Can irrevocable POA be revoked after all?

1 answer | Last updated: Sep 14, 2017
A fellow caregiver asked...

If my brother was made my dad's irrevocable power of attorney, is there any way to get this changed? My brother has left the country and as far as I know not planning to return.

Expert Answers

Steve Weisman hosts the nationally syndicated radio show A Touch of Grey, heard on more than 50 stations, including WABC in New York City and KRLA in Los Angeles. He is a practicing lawyer specializing in estate planning and is admitted to practice before the United States Supreme Court. He's a public speaker and commentator who has appeared on many radio and television shows throughout the country, and he's the legal editor of Talkers magazine, the preeminent trade publication of talk radio. His latest book is The Truth About Avoiding Scams.

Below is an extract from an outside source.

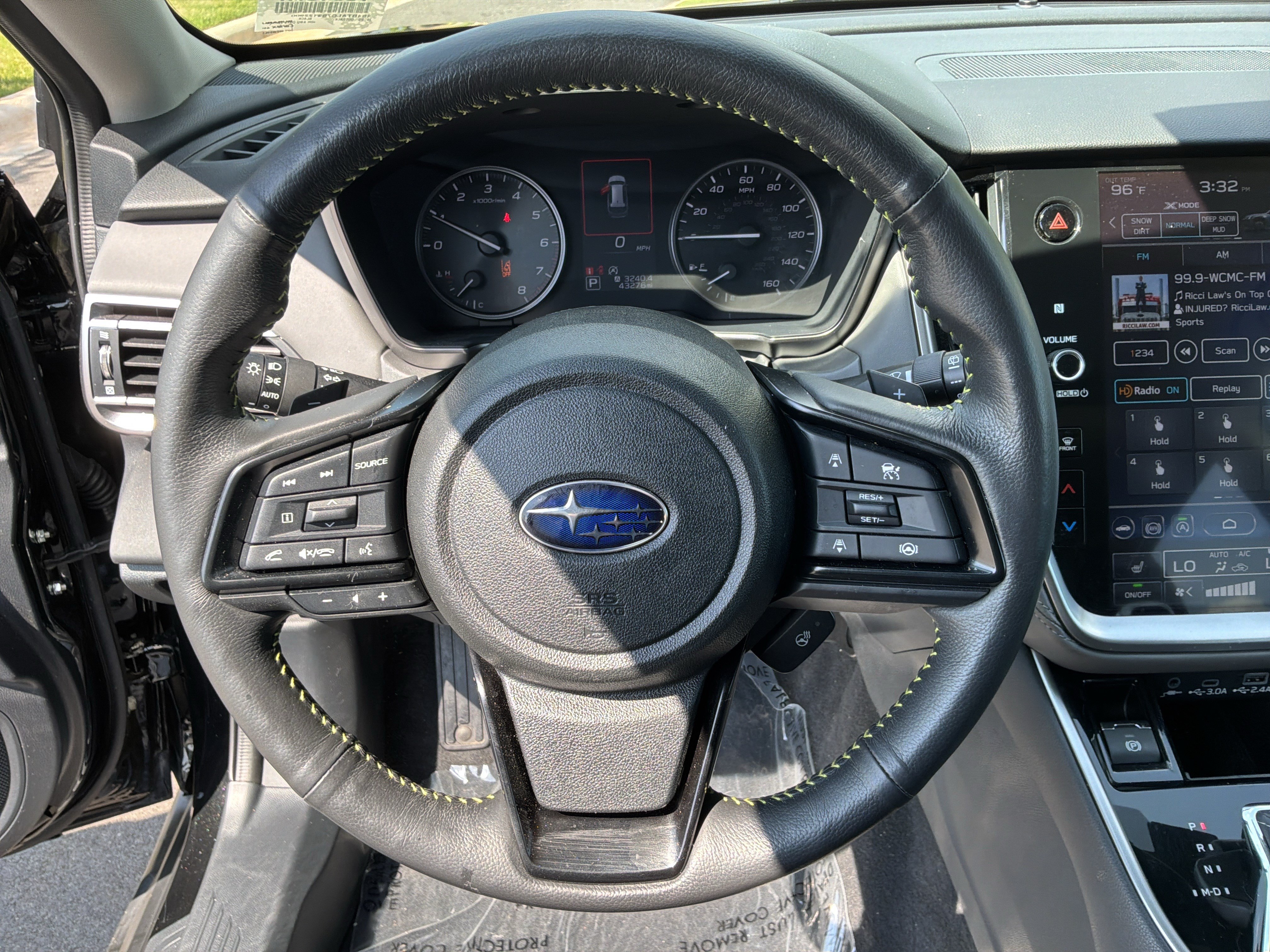 Used 2025 Subaru Outback Onyx Edition AWD/4WD image 18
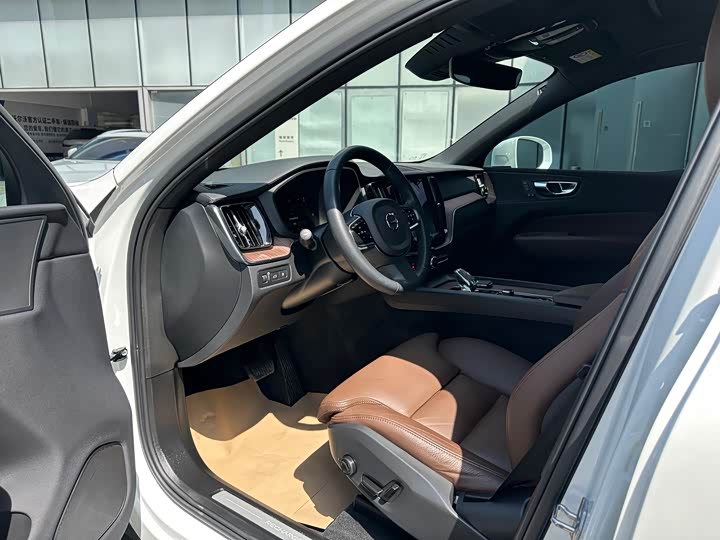 Volvo XC60 Hybrid 2022 T 8 PHEV 4 WD — фото 8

A Durable Power of Attorney is always revocable by the person appointing someone to act on his or her behalf. The only problem is that in order for a person to revoke his or her Durable Power of Attorney, he or she has to be of sound mind. If your father is now mentally incapacitated, he would not be able to revoke the Durable Power of Attorney. However, if your father is still of sound mind he can choose to either revoke the earlier Durable Power of Attorney and make a new one naming someone else to be able to act on his behalf. He also can have more than one Durable Power of Attorney so that even if he does not revoke the earlier Durable Power of Attorney, he can grant the same powers to someone else through the creation of a new Durable Power of Attorney. If your father is not capable of making a new Durable Power of Attorney at this time, you can get the authority to act on his behalf through a guardianship petition in court.